Magnetic Resonance Microscopy (MRM)
Magnetic Resonance Microscopy (MRM) is an imaging method that allows the visualization of internal body structures. Using powerful magnets to send energy into cells, MRM picks up signals from inside a specimen and translates them into detailed computer images. MRM is a useful tool for scientists because of its ability to generate digital slices of scanned specimens that can be constructed into virtual 3D images without destroying the specimens. MRM has become an increasingly prevalent imaging technique in embryological studies. Through MRM, the first 3D human embryo images were created as part of the “Multi-Dimensional Human Embryo” project, a public database of three-dimensional embryo images.
Researchers from the Duke University Center for In Vivo Microscopy in conjunction with scientists from the National Institute for Environmental Sciences developed MRM in the early 80s. MRM represent an evolution of the Magnetic Resonance Imaging (MRI) technology, which is commonly used in medicine to scan images of the body for medical diagnoses. MRM and MRI are essentially the same type of imaging technology. They both make use of powerful magnets to transmit radio frequency signals through the body. However, MRM employs a much stronger magnetic field and is conducted on a much smaller scale, providing detailed images within a range of microns. MRI machines, instead, are used to scan entire organisms.
The first image produced by MRM was of a mouse brain. The scientists achieved an image whose pixels represented an area 80,000 times smaller than those generated by the large medical MRI machines. Intended for small specimens, MRM produces the clearest images of specimens that are less than seven cubic centimeters in volume. Since its invention, scientists at Duke have been gradually improving the technology by using high-strength magnets and improving upon radio frequency detectors.
MRM scans three-dimensional specimens and creates multiple images as if the sample was sliced and a photo was taken of each slice. However, the specimen remains intact. MRM detects anatomical differences between different tissues using magnets. By using highly strong magnets to send radio frequency signals into a specimen, hydrogen atoms inside the sample take up the signals and bounce them back to detectors in an imaging machine. While the sample is being scanned, the slices of digital images are created by the signals sent from the tissues to the machine. The images are sent to a computer where it is possible to visualize them. The scientist can view individual slices from multiple angles and multiple slices can be put together to create a 3D image.
The ease with which images can be created makes MRM highly valuable. Without MRM, amassing the same slices of data from tissues such as brains or embryos would require scientists to manually slice samples into pieces only a tiny fraction of a millimeter. With this manual method, scientists sometimes had to work with up to two thousand slices per sample for their studies. Furthermore, since producing a 3D image of a sample that has been sliced can take almost one year and cost up to $60,000 on average. In contrast, the total cost to do the same with MRM is about $2,000 and the quality of the images is highly improved.

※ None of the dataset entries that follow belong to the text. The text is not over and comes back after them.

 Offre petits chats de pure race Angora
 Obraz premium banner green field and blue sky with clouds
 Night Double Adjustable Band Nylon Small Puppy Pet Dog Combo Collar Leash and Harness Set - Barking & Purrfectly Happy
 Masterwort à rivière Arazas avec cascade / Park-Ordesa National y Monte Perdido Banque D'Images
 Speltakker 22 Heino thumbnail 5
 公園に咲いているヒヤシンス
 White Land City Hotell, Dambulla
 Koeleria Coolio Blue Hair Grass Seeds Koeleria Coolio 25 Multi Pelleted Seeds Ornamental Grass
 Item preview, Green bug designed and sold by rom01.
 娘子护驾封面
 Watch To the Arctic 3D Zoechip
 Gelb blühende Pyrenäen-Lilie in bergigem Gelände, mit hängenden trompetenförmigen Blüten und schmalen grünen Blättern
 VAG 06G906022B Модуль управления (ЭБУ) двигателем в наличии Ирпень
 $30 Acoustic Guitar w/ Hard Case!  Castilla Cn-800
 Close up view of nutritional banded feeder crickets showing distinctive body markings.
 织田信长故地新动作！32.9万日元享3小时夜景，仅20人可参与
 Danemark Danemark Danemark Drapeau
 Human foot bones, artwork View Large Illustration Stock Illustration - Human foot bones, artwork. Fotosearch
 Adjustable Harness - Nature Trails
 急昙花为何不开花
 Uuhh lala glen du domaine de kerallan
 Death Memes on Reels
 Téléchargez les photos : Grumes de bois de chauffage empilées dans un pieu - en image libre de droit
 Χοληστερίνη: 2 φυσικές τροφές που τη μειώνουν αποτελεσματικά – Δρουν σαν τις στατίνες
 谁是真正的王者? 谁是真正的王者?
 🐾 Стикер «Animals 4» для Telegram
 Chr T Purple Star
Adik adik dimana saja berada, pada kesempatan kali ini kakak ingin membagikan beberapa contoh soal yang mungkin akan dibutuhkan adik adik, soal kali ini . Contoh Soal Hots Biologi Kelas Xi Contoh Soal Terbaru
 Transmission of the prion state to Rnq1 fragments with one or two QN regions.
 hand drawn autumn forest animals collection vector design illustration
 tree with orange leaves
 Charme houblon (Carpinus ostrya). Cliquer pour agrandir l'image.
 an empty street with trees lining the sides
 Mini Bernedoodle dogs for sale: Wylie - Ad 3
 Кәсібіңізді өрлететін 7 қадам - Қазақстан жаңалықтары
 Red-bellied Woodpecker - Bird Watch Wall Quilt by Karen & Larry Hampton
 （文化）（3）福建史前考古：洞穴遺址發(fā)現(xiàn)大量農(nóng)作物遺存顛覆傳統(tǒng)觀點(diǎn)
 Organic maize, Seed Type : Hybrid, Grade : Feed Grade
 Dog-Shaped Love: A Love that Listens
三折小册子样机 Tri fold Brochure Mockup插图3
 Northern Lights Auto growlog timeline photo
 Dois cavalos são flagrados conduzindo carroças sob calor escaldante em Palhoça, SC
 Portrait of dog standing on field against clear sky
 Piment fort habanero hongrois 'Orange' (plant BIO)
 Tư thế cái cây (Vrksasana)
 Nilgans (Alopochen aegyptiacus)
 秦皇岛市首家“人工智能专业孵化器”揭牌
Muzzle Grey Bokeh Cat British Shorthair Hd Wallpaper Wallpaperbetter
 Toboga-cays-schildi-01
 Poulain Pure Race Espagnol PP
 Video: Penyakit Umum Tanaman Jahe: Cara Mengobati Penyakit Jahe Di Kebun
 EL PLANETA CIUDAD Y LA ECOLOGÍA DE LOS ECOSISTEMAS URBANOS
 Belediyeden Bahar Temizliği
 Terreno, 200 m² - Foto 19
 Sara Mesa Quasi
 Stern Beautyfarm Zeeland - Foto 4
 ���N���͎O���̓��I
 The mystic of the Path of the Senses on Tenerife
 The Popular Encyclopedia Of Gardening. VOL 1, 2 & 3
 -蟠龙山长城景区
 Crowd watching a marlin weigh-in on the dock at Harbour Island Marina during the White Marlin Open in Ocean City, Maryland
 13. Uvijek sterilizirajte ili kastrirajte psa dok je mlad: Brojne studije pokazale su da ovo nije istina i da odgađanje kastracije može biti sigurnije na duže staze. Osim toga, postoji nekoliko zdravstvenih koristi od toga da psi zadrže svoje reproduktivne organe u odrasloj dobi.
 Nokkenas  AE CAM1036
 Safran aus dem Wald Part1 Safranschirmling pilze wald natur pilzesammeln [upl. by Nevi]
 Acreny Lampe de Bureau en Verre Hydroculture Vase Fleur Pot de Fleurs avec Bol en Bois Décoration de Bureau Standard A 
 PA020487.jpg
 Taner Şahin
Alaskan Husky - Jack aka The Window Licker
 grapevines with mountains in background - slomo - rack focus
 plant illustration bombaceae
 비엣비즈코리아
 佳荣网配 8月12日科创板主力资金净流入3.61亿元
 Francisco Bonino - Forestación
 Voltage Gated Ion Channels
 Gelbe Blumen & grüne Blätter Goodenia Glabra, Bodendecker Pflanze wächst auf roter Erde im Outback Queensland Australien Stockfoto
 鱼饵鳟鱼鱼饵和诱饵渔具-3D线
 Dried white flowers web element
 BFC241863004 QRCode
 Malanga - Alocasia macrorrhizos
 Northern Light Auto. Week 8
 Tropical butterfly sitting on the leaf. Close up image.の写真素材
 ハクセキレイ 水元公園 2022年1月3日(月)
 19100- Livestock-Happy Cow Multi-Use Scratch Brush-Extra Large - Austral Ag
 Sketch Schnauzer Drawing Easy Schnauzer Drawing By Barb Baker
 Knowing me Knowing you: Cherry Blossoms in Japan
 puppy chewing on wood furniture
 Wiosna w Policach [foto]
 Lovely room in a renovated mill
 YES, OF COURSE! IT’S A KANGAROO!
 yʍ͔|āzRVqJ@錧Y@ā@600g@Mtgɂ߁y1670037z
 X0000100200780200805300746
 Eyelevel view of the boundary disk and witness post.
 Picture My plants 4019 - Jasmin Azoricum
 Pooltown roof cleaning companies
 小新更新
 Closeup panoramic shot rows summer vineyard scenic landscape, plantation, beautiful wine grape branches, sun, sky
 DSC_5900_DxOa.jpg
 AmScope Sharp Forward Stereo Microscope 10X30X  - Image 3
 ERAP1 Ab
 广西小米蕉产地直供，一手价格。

MRM has proven to be a very useful tool in embryological studies, above all in the visualization of the internal structure of preserved embryos. Live, moving samples, on the contrary, do not generate clear images. MRM has been used to create images of human, mouse, quail, and live Xenopus embryos. Xenopus embryos are particularly compatible with MRM because the pervasive yolk in developing Xenopus makes the inside of the embryo dense. This helps create clear images with good contrast.
MRM has shown immense value in embryological studies and will continue to be an important technology used in future embryological research. The ability of MRM to image sliced sections of samples without physically altering any specimen has proven critical to the creation of three-dimensional human embryo images. Using MRM, for instance, scientists have been able to use high quality preserved samples such as those in the Carnegie Human Embryo Collection of embryos, to produce interactive images of both human and non-human embryos.
- Manuel John, “High Resolution Revolution.” Environmental Health Perspectives 110 (2002). http://ehp.niehs.nih.gov/realfiles/docs/2002/110-5/niehsnews.html (Accessed November 10, 2010).
- Maronpot, R. Robert, Sills, Robert C., and Johnson, Allan G., “Applications of Magnetic Resonance Microscopy,” Toxicologic Pathology 32 (2004): 42–48.
- Smith, R. Bradley, Elwood Linney, Dale Huff, and Johnson, G. Allan, “Magnetic Resonance Microscopy of Embryos,” Computerized Medical Imaging and Graphics 20 (1996): 483–90.
- Tyszka, Michael, Scott Fraser, and Russell Jacobs. “Magnetic Resonance Microscopy: Recent Advances and Applications,” Current Opinion in Biotechnology 16 (2005): 93–99.